(Aim of the exercise): Please transcribe all of the entries exactly, leaving out any images.

(Available data):
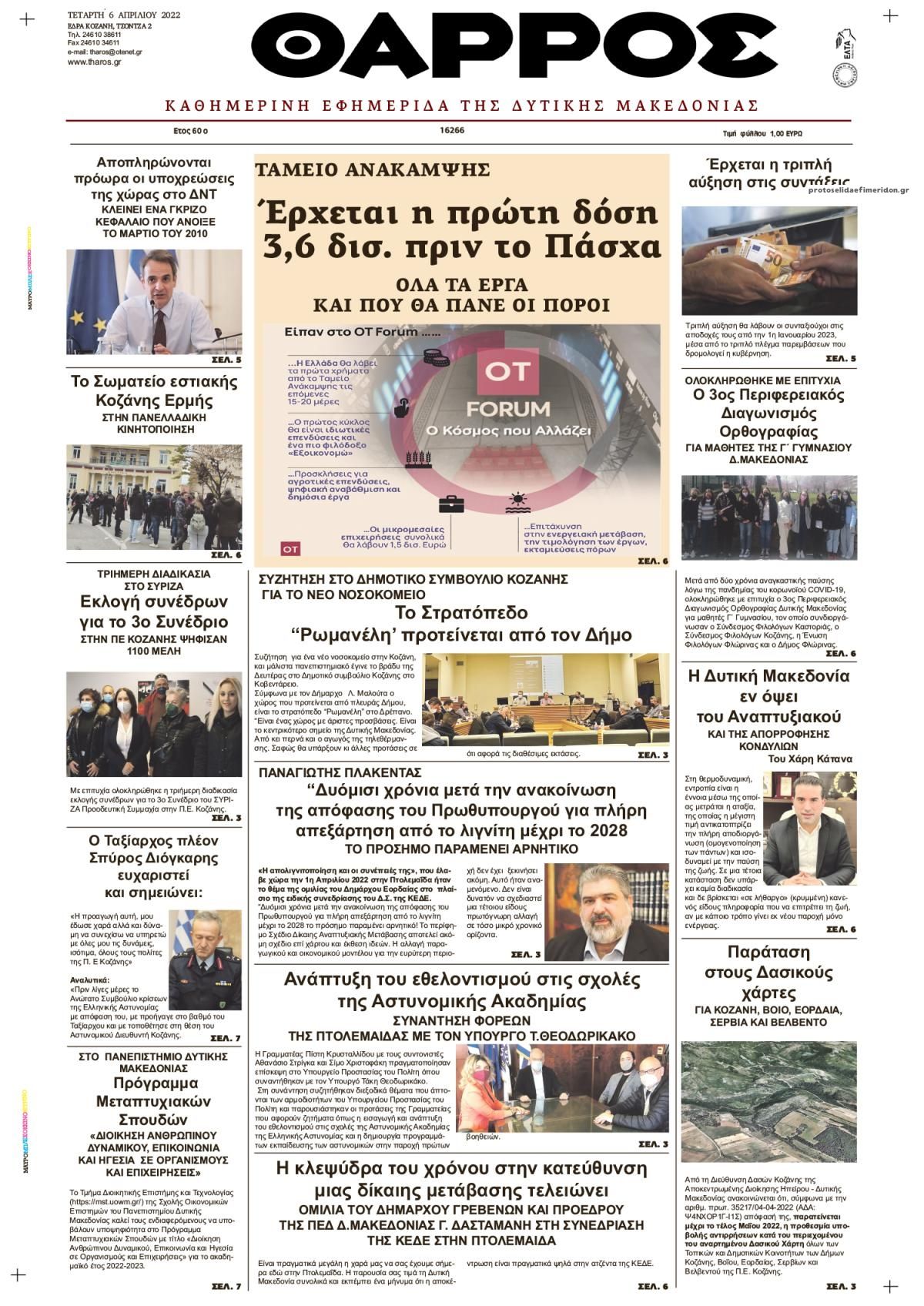 Πρωτοσέλιδο εφημερίδας Θάρρος Κοζάνης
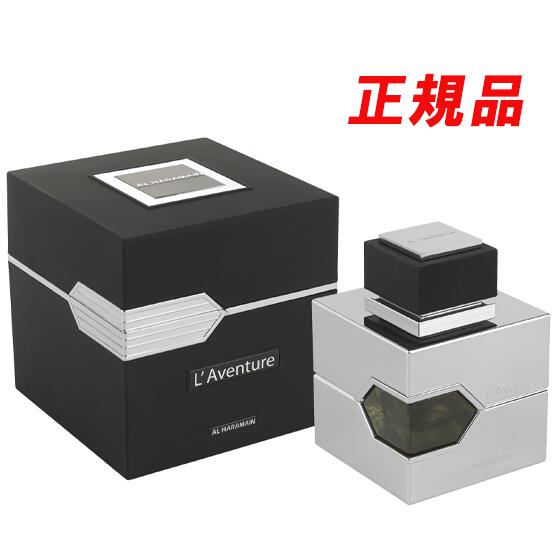 アルハラメイン Al Haramain ラベンチャー フェム EDP 100ml アルハラメイン AL HARAMAIN 香水 100ml ラベンチャーフェム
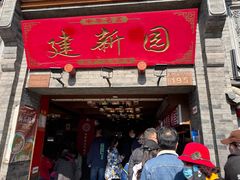-建新园过桥米线(宝善街店)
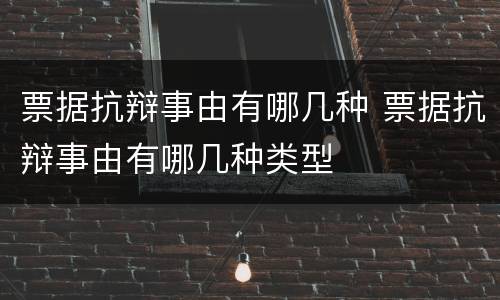 票据抗辩事由有哪几种 票据抗辩事由有哪几种类型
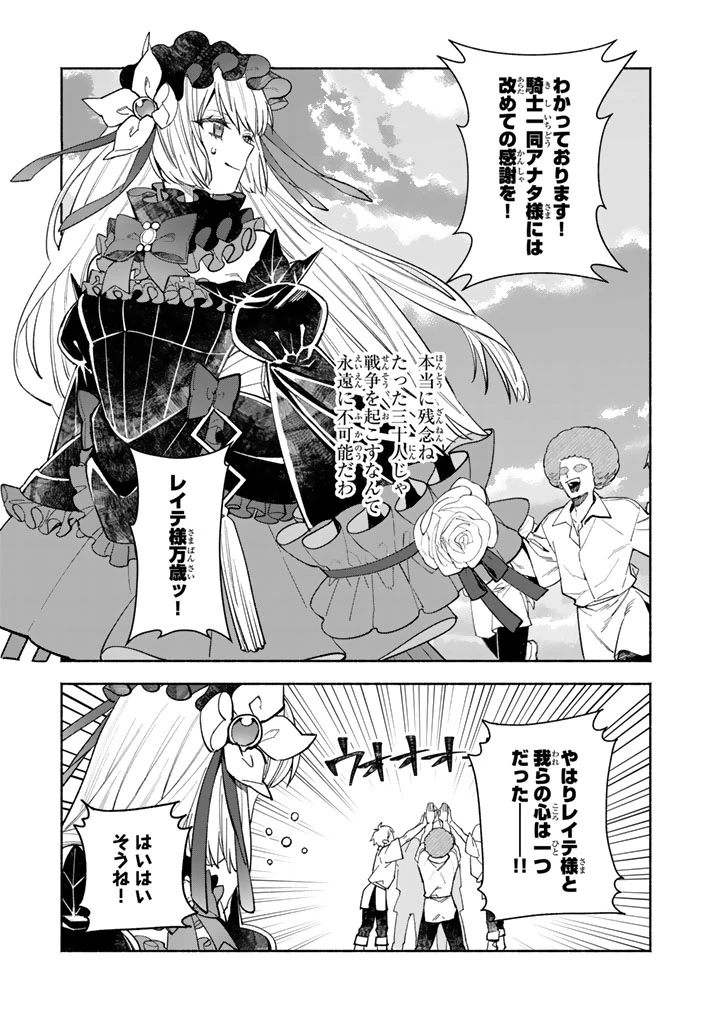 極悪令嬢の勘違い救国記 第4.2話 - 9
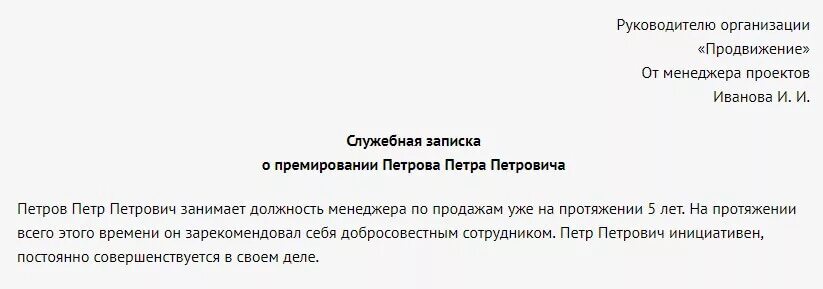 Форма служебной Записки на поощрение работника. Как правильно написать служебную записку на поощрение работника. Пример служебной Записки о премировании работников. Служебная записка на поощрение сотрудников примеры.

(Exercise result):
 Πρωτοσέλιδο εφημερίδας Θάρρος Κοζάνης
 アルハラメイン Al Haramain ラベンチャー フェム EDP 100ml アルハラメイン AL HARAMAIN 香水 100ml ラベンチャーフェム
-建新园过桥米线(宝善街店)
 票据抗辩事由有哪几种 票据抗辩事由有哪几种类型
 極悪令嬢の勘違い救国記 第4.2話 - 9
 Форма служебной Записки на поощрение работника. Как правильно написать служебную записку на поощрение работника. Пример служебной Записки о премировании работников. Служебная записка на поощрение сотрудников примеры.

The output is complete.